Desde las lejanas provincias, futuros césares se subieron al escenario para representar la renovación. Al mismo tiempo, los medios de comunicación afines dedicaban gran número de páginas a narrar la obra a la ciudadanía y a hacernos conscientes de su gran importancia. "No se la puede perder", parecía leerse entre líneas.

No contentos con esto, dichos medios, cuyo nicho de mercado es el centro-izquierda (o lo que entiendan por eso), suministran desde entonces, día sí y al otro también, entrevistas y artículos de opinión de sociólogos y juristas que nos alertan del "peligro del populismo".

Da la impresión de que las cabezas pensantes que quedan en ese partido están alarmadas porque no capitalizan el amplio descontento ciudadano con el Gobierno. Por consiguiente, ejercen un ataque preventivo contra la posible tendencia de su electorado natural a elegir o a articular otras opciones políticas más ambiciosas. Más bien, cabría decirles que se puede señalar lo opuesto: el peligro del conformismo o del partidismo totalizador que conduce a la parálisis política.

No obstante lo anterior, esos líderes y los miembros de sus fundaciones anejas no parecen darse cuenta de que para muchos ciudadanos la idea de la izquierda no está tan asociada a la estabilidad política a cualquier precio como a la democratización en tanto tarea permanente y siempre inacabada.

Ejercer esa suerte de pragmatismo estratégico y evitar la confrontación en áreas sensibles no resuelve problemas, sino que posterga su solución. No abordar reformas democratizadoras por cálculo electoralista priva a medio plazo a sus potenciales votantes de razones para votarles. Son las paradojas de la izquierda, que, al menos en España, han madurado de forma acelerada hasta reventar en su crisis actual.

Quizá pueda pensarse que a dicha izquierda, al menos a la que se le proporciona espacio, micrófono y plano, le falta vocabulario, consecuencia de su idea estrecha de la democracia y de la sociedad. Lo anterior resulta evidente cuando dicen: "Lo que quiere la ciudadanía es...", "lo que le importa a los españoles es...", "lo que la gente espera es...", como si el líder o caudillo mediático de turno poseyese esa omnisciencia divina o ejerciese esa representación schmittiana cuasi mística que le capacitase para ejercer el poder sin ataduras. Sería deseable, en mi opinión, que dejara en el museo de los errores el paternalismo (aunque bienintencionado) y la hybris.
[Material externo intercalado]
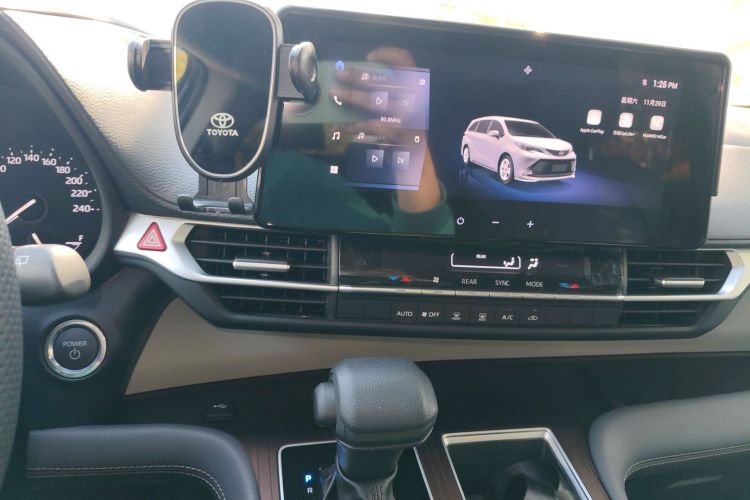 丰田 赛那SIENNA 2024款 2.5L混动 舒适版局部细节16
Yendo más allá, puede que nunca sea demasiado tarde para considerar la idea de que la ciudadanía no debería ser una excusa o una coartada, ni un mero objeto de seducción, comprensible mediante sondeos de opinión, sino el principal sujeto político en su poliédrica constitución: múltiples grupos sociales de diferentes tendencias políticas y diversas situaciones de riqueza e ingresos, heteróclito conjunto de creencias y cosmovisiones.
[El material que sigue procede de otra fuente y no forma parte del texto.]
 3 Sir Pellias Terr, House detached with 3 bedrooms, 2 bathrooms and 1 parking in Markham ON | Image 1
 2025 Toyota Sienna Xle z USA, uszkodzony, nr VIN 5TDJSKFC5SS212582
Precisamente por esta diversidad, los procedimientos democráticos, siempre en proceso de mejora, para no sólo conocer sino también fundamentar la opinión de los ciudadanos, deberían dejar de ser la excepción, tal como ocurre hoy en día, y convertirse en la norma.

En vez de abjurar, por ejemplo, de las consultas ciudadanas periódicas como los referéndums, aduciendo un nivel de participación por debajo del 50 por ciento (parece ser el caso suizo, aunque depende de lo que se pregunte), se podría señalar que ojalá viviéramos en un país en el que se requiriera nuestra opinión con tanta frecuencia, aun a riesgo de que no quisiéramos participar siempre.

En esta línea, produce, en el peor de los casos, pasmo, y, en el mejor, cierto bochorno oír a algún miembro del partido en la oposición que deberían "abrirse" a la sociedad/ciudadanía, dando a entender, de esta manera, que estaban cerrados a ella, precisamente sus representantes en el Parlamento y demás instituciones del Estado...

En definitiva, habría que preguntarles a esos dirigentes, a esos analistas y expertos en marketing político cuál es su concepción del ser humano y cuál es su idea de lo que debería ser una sociedad bien ordenada (en términos de Rawls). Quizán no quieren reconocerlo, pero, a tenor de sus manifestaciones y acciones, su idea de la democracia es más elitista que deliberativa, mucho más próxima a Schumpeter que a Habermas, lo que puede satisfacer a algunos y frustrar a muchos más.